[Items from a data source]

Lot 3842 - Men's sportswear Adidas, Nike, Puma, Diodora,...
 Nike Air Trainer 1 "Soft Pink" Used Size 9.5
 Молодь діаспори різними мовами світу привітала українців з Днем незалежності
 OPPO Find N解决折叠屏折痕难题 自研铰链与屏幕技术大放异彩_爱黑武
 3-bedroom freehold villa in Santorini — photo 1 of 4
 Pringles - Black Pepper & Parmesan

---

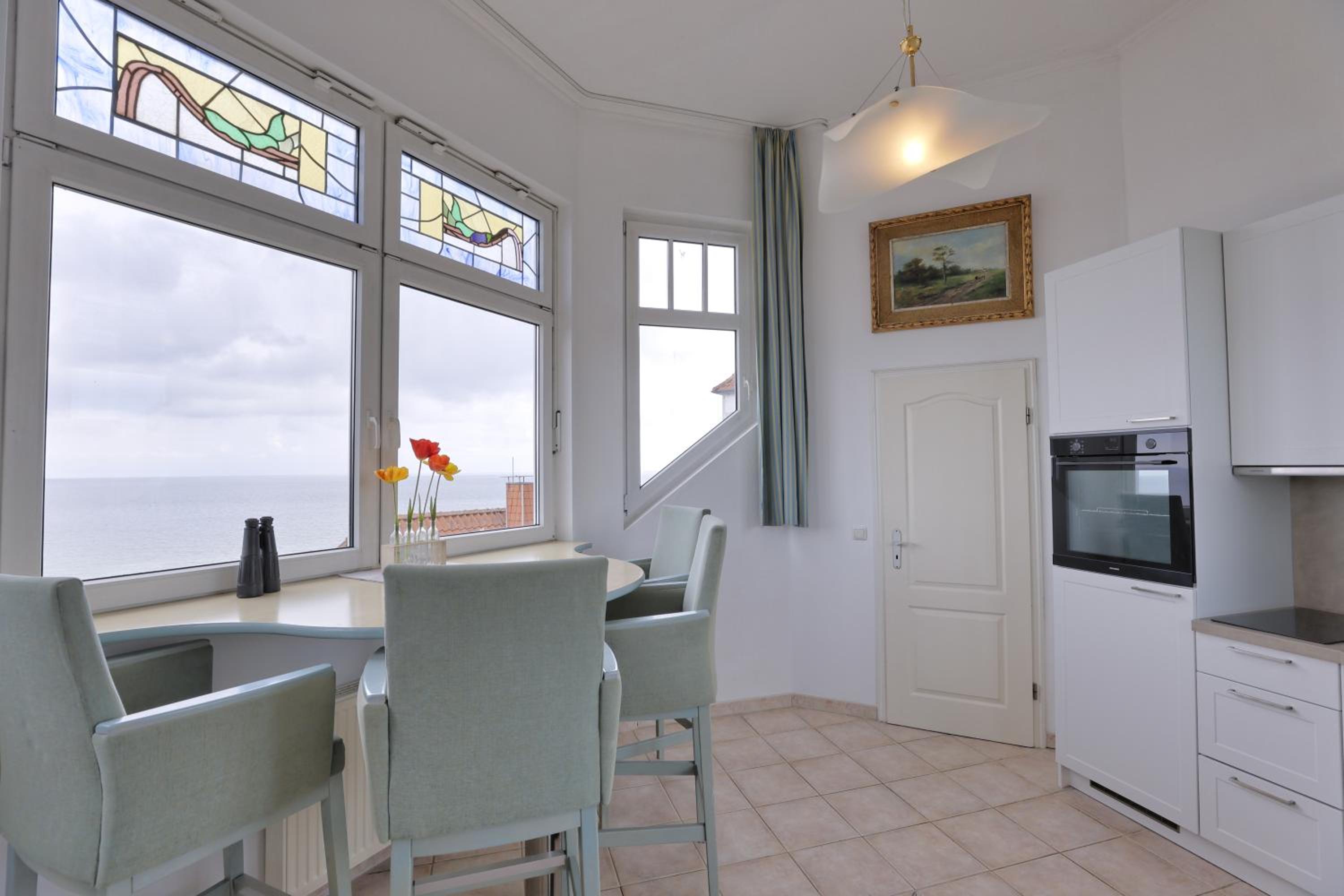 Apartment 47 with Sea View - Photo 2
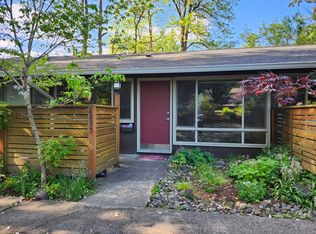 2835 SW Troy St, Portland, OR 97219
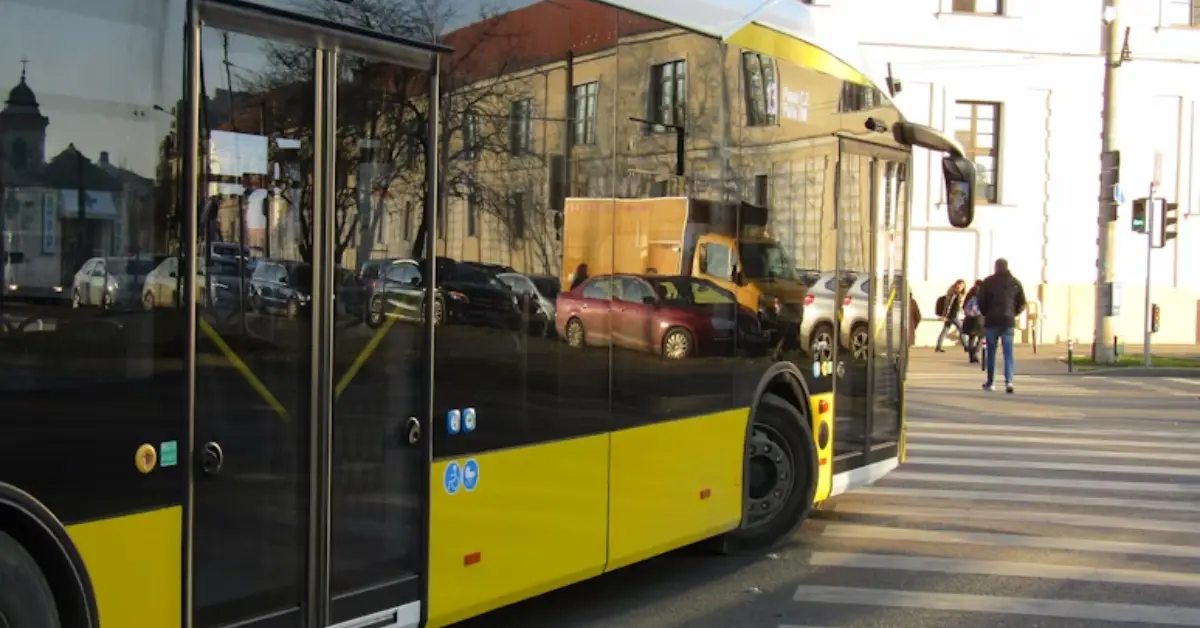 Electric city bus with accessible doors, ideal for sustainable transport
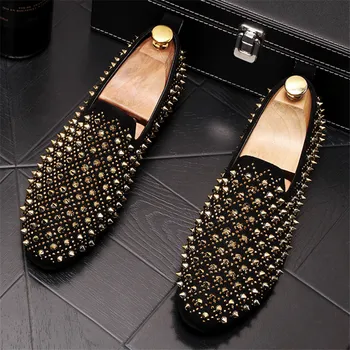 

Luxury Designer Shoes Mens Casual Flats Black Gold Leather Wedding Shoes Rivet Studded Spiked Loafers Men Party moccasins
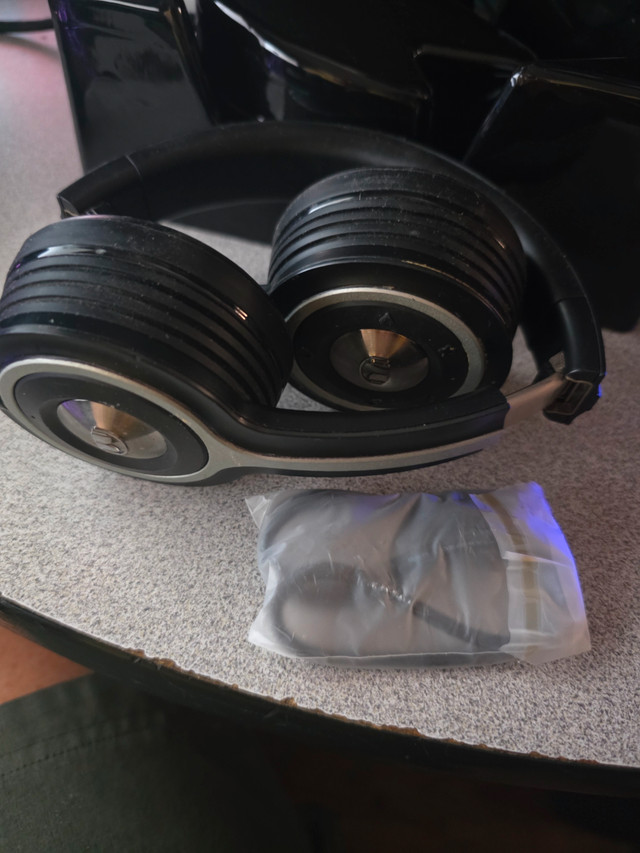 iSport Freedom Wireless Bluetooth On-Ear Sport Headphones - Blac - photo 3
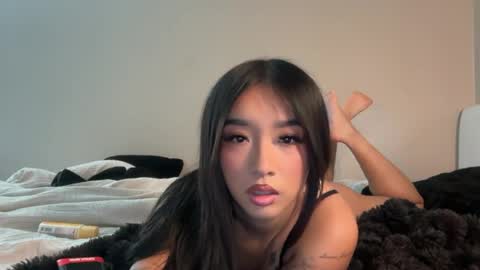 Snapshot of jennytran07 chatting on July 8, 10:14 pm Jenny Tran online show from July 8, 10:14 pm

INSTRUCTIONS TO FOLLOW
Select every line above that contains the word "Black", and copy it.

TASK ANSWER
 Pringles - Black Pepper & Parmesan
Luxury Designer Shoes Mens Casual Flats Black Gold Leather Wedding Shoes Rivet Studded Spiked Loafers Men Party moccasins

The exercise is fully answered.